▼▼▼

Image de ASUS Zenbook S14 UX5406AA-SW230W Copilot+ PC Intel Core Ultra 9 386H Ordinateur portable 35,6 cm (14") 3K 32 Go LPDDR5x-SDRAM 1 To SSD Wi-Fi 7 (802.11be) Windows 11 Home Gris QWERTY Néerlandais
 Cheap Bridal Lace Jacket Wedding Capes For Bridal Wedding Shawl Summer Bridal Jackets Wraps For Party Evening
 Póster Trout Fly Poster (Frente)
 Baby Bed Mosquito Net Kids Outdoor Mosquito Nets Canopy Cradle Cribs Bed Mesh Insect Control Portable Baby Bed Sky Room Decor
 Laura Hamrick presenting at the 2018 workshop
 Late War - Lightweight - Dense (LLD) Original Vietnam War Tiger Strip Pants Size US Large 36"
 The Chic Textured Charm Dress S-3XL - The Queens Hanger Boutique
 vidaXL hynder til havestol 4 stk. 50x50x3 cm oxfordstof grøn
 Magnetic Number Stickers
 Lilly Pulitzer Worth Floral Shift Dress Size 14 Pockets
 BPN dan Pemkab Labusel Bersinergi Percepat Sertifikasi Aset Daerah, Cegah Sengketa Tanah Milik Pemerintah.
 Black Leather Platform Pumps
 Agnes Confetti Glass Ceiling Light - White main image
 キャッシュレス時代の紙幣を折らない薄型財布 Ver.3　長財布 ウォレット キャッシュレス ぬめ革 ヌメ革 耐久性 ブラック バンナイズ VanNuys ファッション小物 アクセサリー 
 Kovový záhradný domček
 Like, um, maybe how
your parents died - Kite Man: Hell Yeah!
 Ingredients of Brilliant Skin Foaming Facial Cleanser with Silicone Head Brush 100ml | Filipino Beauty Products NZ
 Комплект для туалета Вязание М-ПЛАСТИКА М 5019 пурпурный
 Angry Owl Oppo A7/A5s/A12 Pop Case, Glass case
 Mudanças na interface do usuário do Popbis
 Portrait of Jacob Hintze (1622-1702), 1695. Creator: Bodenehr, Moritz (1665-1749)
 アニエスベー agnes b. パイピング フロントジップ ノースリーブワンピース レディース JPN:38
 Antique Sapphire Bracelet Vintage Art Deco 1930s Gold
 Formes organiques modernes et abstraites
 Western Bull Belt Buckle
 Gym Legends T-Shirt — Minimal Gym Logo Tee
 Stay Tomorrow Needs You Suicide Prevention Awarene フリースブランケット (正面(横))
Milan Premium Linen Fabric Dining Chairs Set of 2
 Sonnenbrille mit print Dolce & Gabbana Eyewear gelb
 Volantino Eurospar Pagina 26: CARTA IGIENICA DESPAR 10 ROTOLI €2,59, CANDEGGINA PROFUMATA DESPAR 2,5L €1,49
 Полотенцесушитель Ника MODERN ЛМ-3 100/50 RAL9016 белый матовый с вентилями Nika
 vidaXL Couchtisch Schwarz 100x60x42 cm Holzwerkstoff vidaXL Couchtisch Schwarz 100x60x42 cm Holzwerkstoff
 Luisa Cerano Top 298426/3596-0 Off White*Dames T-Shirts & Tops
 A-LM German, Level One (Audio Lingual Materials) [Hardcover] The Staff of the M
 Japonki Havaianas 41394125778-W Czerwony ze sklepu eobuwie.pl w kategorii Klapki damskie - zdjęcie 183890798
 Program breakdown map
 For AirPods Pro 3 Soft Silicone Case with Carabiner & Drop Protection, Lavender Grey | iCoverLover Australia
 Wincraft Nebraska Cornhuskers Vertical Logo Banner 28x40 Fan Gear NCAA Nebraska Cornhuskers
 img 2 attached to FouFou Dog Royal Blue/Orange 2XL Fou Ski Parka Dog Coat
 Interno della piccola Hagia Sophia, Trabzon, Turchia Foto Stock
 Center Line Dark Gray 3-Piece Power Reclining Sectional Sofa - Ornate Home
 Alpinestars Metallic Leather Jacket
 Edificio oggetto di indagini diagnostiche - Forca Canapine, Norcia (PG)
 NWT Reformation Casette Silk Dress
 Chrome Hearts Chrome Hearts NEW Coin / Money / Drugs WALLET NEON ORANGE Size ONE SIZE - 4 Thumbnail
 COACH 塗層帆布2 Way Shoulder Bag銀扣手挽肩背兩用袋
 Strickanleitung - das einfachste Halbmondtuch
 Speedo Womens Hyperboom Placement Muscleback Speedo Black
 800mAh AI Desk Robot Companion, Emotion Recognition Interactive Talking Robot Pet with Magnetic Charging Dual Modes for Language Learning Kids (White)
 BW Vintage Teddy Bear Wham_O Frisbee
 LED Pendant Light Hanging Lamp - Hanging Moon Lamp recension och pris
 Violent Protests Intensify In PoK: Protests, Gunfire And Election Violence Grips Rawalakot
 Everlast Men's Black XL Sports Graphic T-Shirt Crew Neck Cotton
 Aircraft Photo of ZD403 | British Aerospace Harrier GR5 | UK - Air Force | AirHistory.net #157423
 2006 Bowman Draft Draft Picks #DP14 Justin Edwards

▲▲▲

Print exactly the lines above from the one with "Milan Premium Linen" to the one with "COACH 塗層帆布2 Way Shoulder Bag銀扣手挽肩背兩用袋", including both.

Milan Premium Linen Fabric Dining Chairs Set of 2
 Sonnenbrille mit print Dolce & Gabbana Eyewear gelb
 Volantino Eurospar Pagina 26: CARTA IGIENICA DESPAR 10 ROTOLI €2,59, CANDEGGINA PROFUMATA DESPAR 2,5L €1,49
 Полотенцесушитель Ника MODERN ЛМ-3 100/50 RAL9016 белый матовый с вентилями Nika
 vidaXL Couchtisch Schwarz 100x60x42 cm Holzwerkstoff vidaXL Couchtisch Schwarz 100x60x42 cm Holzwerkstoff
 Luisa Cerano Top 298426/3596-0 Off White*Dames T-Shirts & Tops
 A-LM German, Level One (Audio Lingual Materials) [Hardcover] The Staff of the M
 Japonki Havaianas 41394125778-W Czerwony ze sklepu eobuwie.pl w kategorii Klapki damskie - zdjęcie 183890798
 Program breakdown map
 For AirPods Pro 3 Soft Silicone Case with Carabiner & Drop Protection, Lavender Grey | iCoverLover Australia
 Wincraft Nebraska Cornhuskers Vertical Logo Banner 28x40 Fan Gear NCAA Nebraska Cornhuskers
 img 2 attached to FouFou Dog Royal Blue/Orange 2XL Fou Ski Parka Dog Coat
 Interno della piccola Hagia Sophia, Trabzon, Turchia Foto Stock
 Center Line Dark Gray 3-Piece Power Reclining Sectional Sofa - Ornate Home
 Alpinestars Metallic Leather Jacket
 Edificio oggetto di indagini diagnostiche - Forca Canapine, Norcia (PG)
 NWT Reformation Casette Silk Dress
 Chrome Hearts Chrome Hearts NEW Coin / Money / Drugs WALLET NEON ORANGE Size ONE SIZE - 4 Thumbnail
 COACH 塗層帆布2 Way Shoulder Bag銀扣手挽肩背兩用袋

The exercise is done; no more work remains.